Uno di quei sogni in cui è di nuovo bambina. Corre, corre. I piedi affondano in qualcosa di simile a sabbia. Sembra morbida – non lo è. Non procede mai, ogni volta che è scappata. Ogni volta, qualcosa incombe dietro di lei. Le mani forti di papà, minacciose, la stanno sollevando per le costole…

Rivendicazione. Destino. Un uomo.

I numeri delle stanze accelerano. È un dato di fatto: la realtà non si muove alla velocità assegnata dai nostri desideri. Si avvicina alla 6183 e inizia a tremare. Sempre la stessa, quella, la sensazione eccitante di guidare una macchina ad alta velocità, sotto una pioggia che acceca, sprofondando dentro pozzanghere che si squarciano come onde.

La testa su un tavolo di acciaio molto freddo. Gli occhi aperti non vedono. Solo quando gli occhi non vedono, vedi tutto.

Eppure, procede. Con i tacchi Saint Laurent, è ancora il dicembre del 1977, non è ancora entrata nella stanza per l’ultima volta. Deve giungere alla fine dell’enigma.

La targa in ottone sullo stipite della porta segna 6183, ogni volta 6183. Il cartello appeso alla maniglia della porta, lettere d’argento su nero laccato, il solito segnale: Non disturbare.

Sono

sono una bella donna, ho il diritto di essere amata.
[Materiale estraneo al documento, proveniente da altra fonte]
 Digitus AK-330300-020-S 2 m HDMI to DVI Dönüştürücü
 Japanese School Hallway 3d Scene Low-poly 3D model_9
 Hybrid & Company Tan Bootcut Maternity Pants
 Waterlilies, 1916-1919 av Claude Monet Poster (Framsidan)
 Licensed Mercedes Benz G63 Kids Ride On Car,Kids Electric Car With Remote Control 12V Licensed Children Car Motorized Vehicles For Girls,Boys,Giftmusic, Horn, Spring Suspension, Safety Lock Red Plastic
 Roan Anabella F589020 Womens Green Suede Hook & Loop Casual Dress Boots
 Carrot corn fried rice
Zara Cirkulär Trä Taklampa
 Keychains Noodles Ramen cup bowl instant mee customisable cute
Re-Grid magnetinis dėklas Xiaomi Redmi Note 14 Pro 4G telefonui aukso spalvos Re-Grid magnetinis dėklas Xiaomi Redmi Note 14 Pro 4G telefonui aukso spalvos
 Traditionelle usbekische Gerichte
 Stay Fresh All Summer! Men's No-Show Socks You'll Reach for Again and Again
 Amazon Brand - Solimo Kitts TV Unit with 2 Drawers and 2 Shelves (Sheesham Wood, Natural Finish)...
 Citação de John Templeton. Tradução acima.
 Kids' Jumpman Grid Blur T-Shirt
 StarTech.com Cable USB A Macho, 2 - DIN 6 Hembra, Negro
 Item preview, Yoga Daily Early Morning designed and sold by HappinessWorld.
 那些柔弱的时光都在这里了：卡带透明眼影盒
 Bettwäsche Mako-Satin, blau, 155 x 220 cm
Sono una donna desiderabile, ho il diritto di desiderare.

Quando saremo morti

Quando saremo morti i nostri (bellissimi) (nudi) corpi diventeranno materia inerte.

Quando saremo morti le nostre estreme urla intrappolate in gola.

(Si potrebbe pensare che, se giacessi di fianco a noi, nella morte, ponendo un orecchio alla nostra gola, se ne fossi degno potresti sentire la debole eco di questo grido estremo).

Quando saremo morti, finirà il nostro tormento. La misericordia attende tutti.

Quando saremo morti, nessuno di chi ci ha generato sarà al nostro fianco.

Moriremo da soli, nel terrore. Tu non eri vicino.

Quando saremo morti, chiediti perché hai avuto dei figli se non ci amavi.

Chiediti il perché.

Quando saremo morti, i nostri corpi saranno curati amorevolmente come nessuno li ha mai curati prima.

Quando saremo morti, i nostri corpi saranno amorevolmente lavati, i più piccoli frammenti di sporco rimossi da ogni fessura del corpo, dalle unghie (rotte), dalle unghie tagliate, arrotondate, uniformi; i capelli lavati con uno shampoo delicato, pettinati, ordinati, in modo tale da suggerire che chiunque ci abbia curato con tale tenerezza dopo la morte lo ha fatto perché non ci ha mai conosciuto da vivi.

Quando i nostri corpi saranno puri e purificati come le nostre anime, verremo commemorati con amore: fotografati.

L’occhio umano ci tradirà presto, ci dimenticherà: la macchina fotografica ci rende immortali.